We chant “quality content” as if it is some kind of digital marketing mantra, yet what does it really mean? How do we advise authors on exactly what makes content better for your specific customers?
Recently, we took an initial look at this dilemma, by asking whether you should measure content quality with intrinsic characteristics (lack of grammar errors, appropriate grade level, etc.) or extrinsic characteristics (clicks, conversions, etc.). Most of you would probably like to say, “both,” and today we’ll explore how you can pull that off using machine learning platforms, such as WEKA or MALLET. The secret isn’t the software–it’s the trained data scientist who can identify the right features to test.
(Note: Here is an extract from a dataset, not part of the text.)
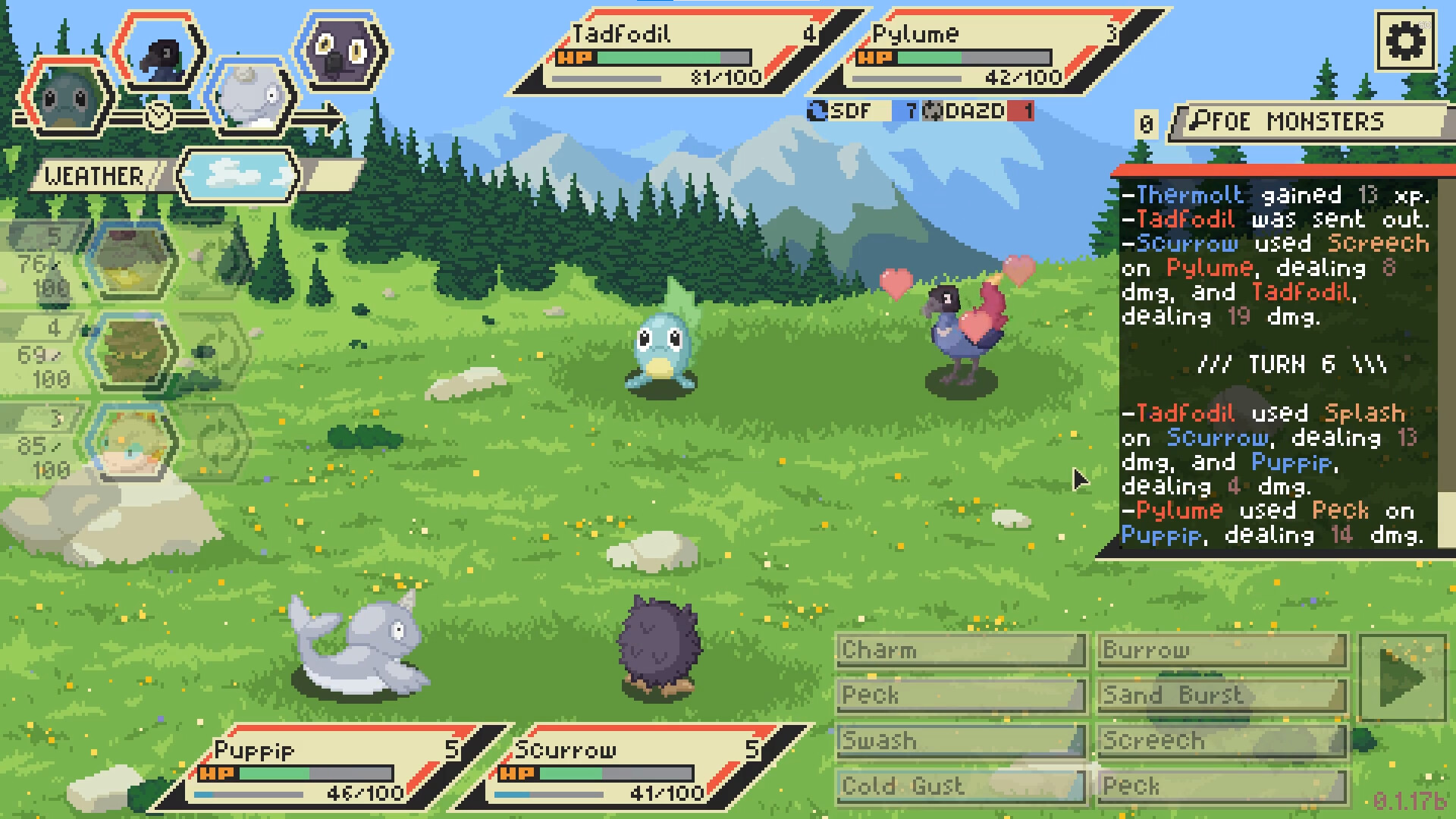 WILDERLOCKE screenshot 4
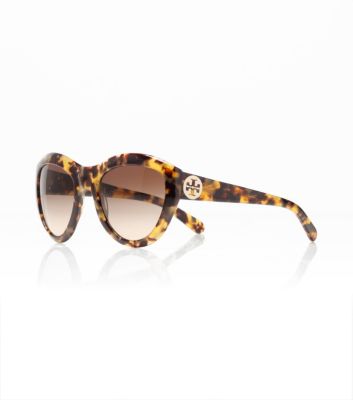 Cat-Eye Sunglasses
With the right features selected, and enough data available, the machine can detect patterns that can be used to improve future results.
The way that machine learning works is to amass training data that contains the features selected, and also is associated with a known set of outcomes. For the problem that we are discussing, the outcomes might be whether a digital session resulted in a conversion or not.
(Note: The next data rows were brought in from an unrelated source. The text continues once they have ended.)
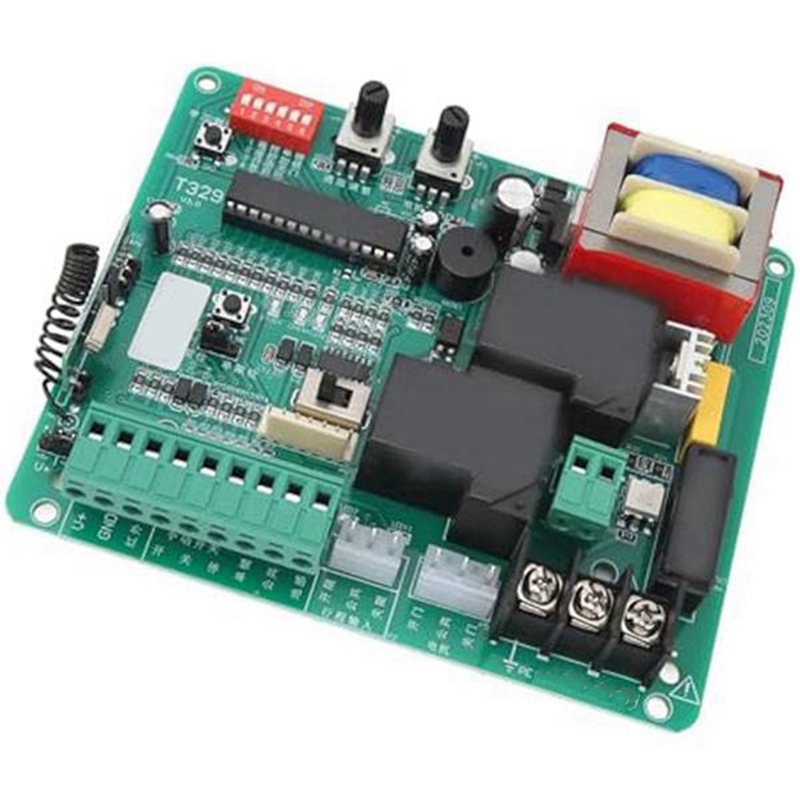 Płytka sterująca obwodem, Płyt – Electronics & Gadgets Starting With T recenzja i cena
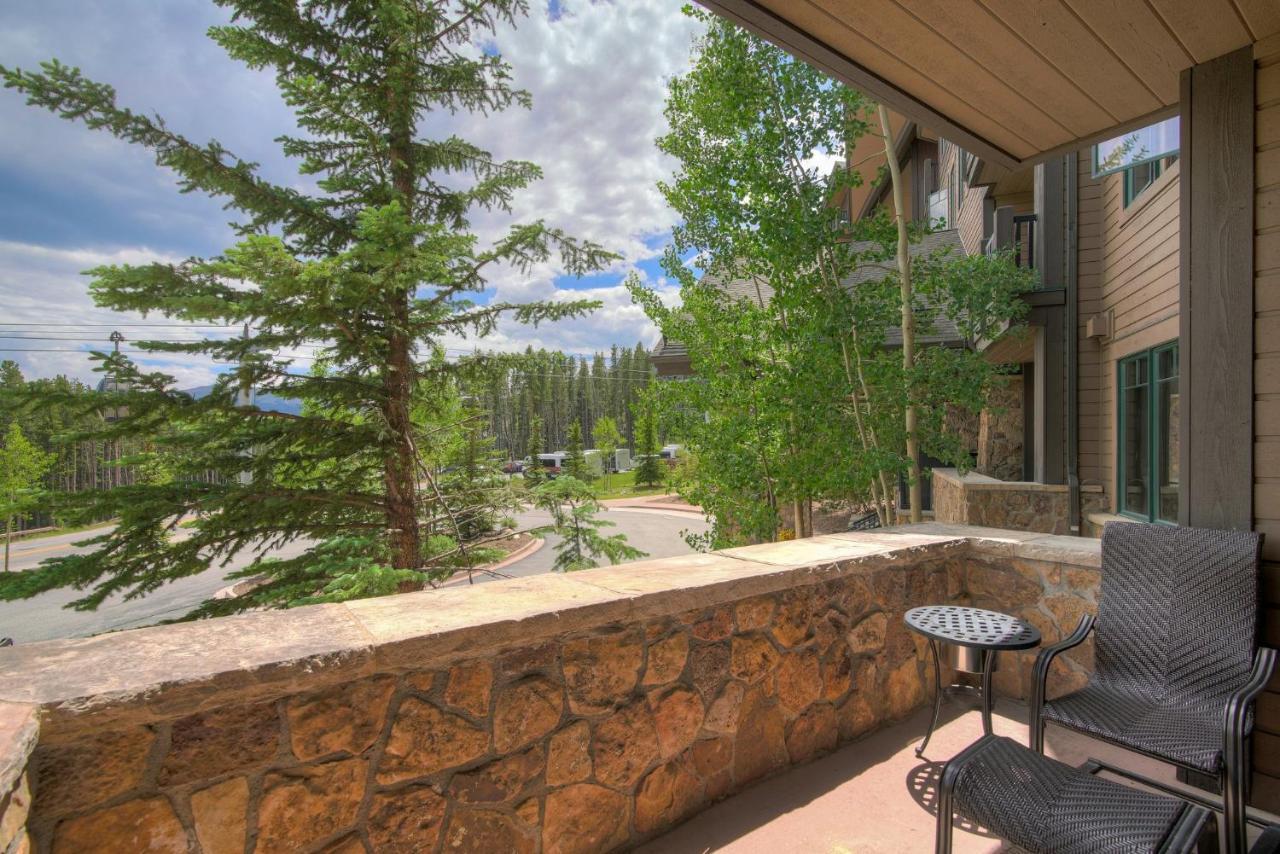 Crystal Peak Lodge By Vail Resorts เบรกเคนริดจ์ ภายนอก รูปภาพ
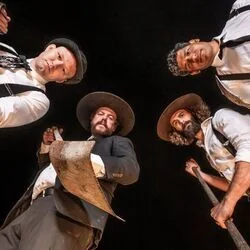 Tiny Wooden Box Chords by The Dead South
So, let’s look at an example of what could be done. Perhaps we could amass training data around sessions on your website that either result or do not result in a conversion. So, for a particular product you sell, perhaps we could grab all the session data that results in trial of the software. From those sessions, we could extract all of the URLs visited in those sessions. From there, we could look at all the session that contained those URLs, resulting in training set of a subset of URLs on your website, along with the outcome that each session resulted in a conversion or not.
Using conventional analysis, we could identify which pages are more associated with conversions than others. We could calculate the chance of a conversion for each page, based on the number of page views of each page in conversion vs. non-conversion sessions. We could also see which pages resulted in the most conversions vs. which pages resulted in the most non-conversions.
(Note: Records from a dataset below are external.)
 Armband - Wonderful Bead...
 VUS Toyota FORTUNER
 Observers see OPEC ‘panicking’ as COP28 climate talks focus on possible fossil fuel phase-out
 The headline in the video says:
So, that can help us identify the most valuable pages both in terms of rate and in aggregate. But it doesn’t tell us what it is about those pages that makes them so valuable. Which means that we are just guessing if we try to make more pages like those. Like those in which ways?
That’s where machine learning comes in. Data scientists can extract features out of those pages, such as:
- Number of words
- Length of the URL
- Reading grade level of the content
- Percentage of product name mentions in text
- Percentage of page that is in bullets
- Number of pictures
- Number of videos
- Percentage of grammatical and spelling errors
- Number of broken links or images
- Voice (first, second, or third person)
- Percent of passive voice sentences
- Length of sentences
- Percent of sentences with prepositional phrases
- … you get the idea
Just about anything you can think of can be extracted from the page (with enough time and money) and you can examine the relationship between pages containing that quality and conversions. That can provide guidance for your page creation standards to use these better-performing practices when you create new pages and update old ones.
This example just used conversions, but if you have a buyer journey that allows you to detect progress toward conversions, you might be able to conduct even better machine learning experiments, because the real purpose for each page is to move the visitor to the next step of the journey–perhaps that would reveal different insights than just conversions.
You can also segment your visitors by various personas, and see if different personas are persuaded by different page features. You can segment by step of the buyer journey to see if different features are more persuasive at different steps.
Understand that the most important thing is to end the argument about intrinsic vs. extrinsic measurements. Machine learning can bridge the gap.